#### Data shown
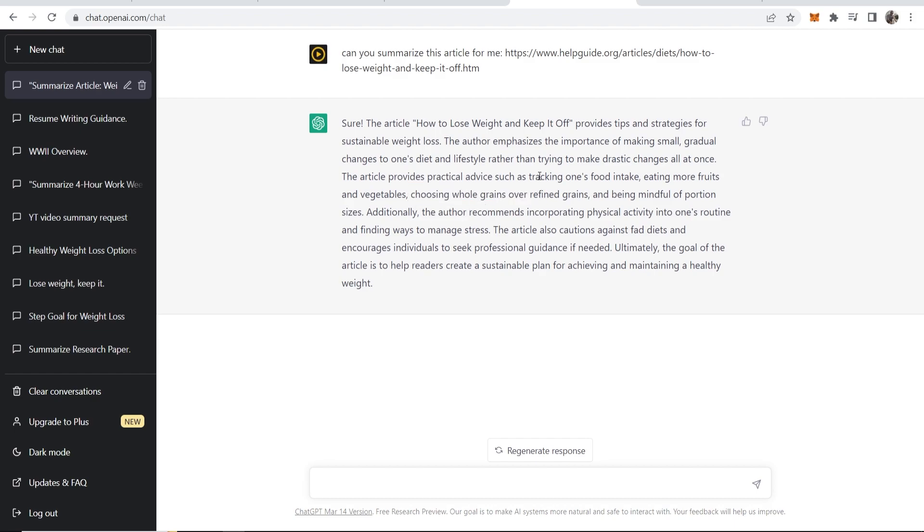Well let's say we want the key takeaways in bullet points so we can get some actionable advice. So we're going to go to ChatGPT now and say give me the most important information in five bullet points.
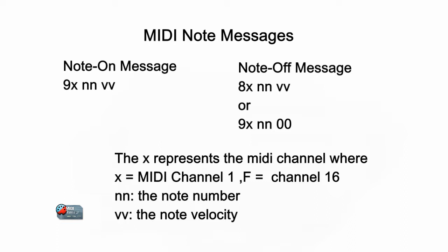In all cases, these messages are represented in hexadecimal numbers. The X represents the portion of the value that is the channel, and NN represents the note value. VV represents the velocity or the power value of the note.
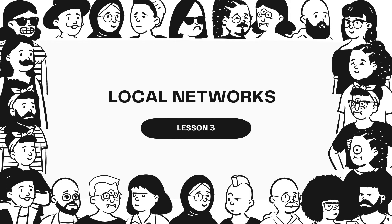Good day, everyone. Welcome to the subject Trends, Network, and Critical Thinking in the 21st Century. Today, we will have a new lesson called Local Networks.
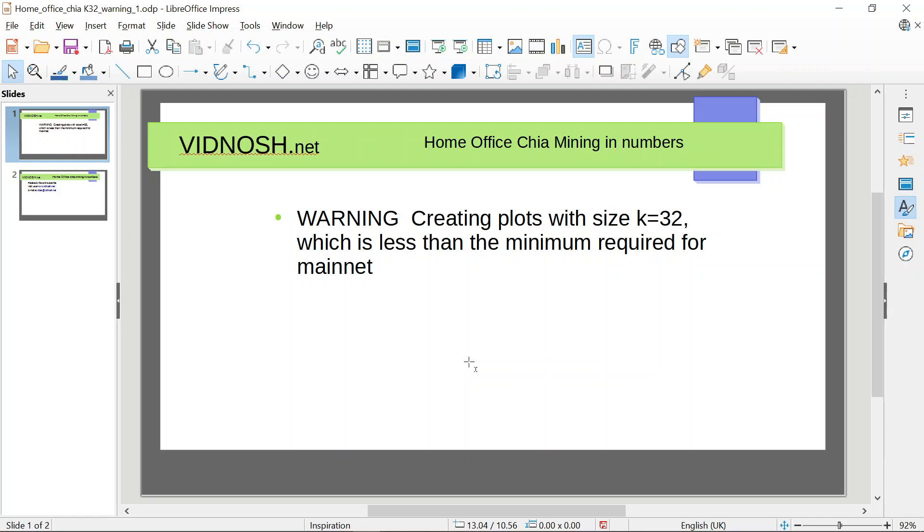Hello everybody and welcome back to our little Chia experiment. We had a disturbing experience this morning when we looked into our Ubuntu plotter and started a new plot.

#### Problem
In the answer, retype exactly and only the lines from the one holding "Good day, everyone." through the end of the listing, keeping both ends and dropping every picture.

#### Response
Good day, everyone. Welcome to the subject Trends, Network, and Critical Thinking in the 21st Century. Today, we will have a new lesson called Local Networks.
Hello everybody and welcome back to our little Chia experiment. We had a disturbing experience this morning when we looked into our Ubuntu plotter and started a new plot.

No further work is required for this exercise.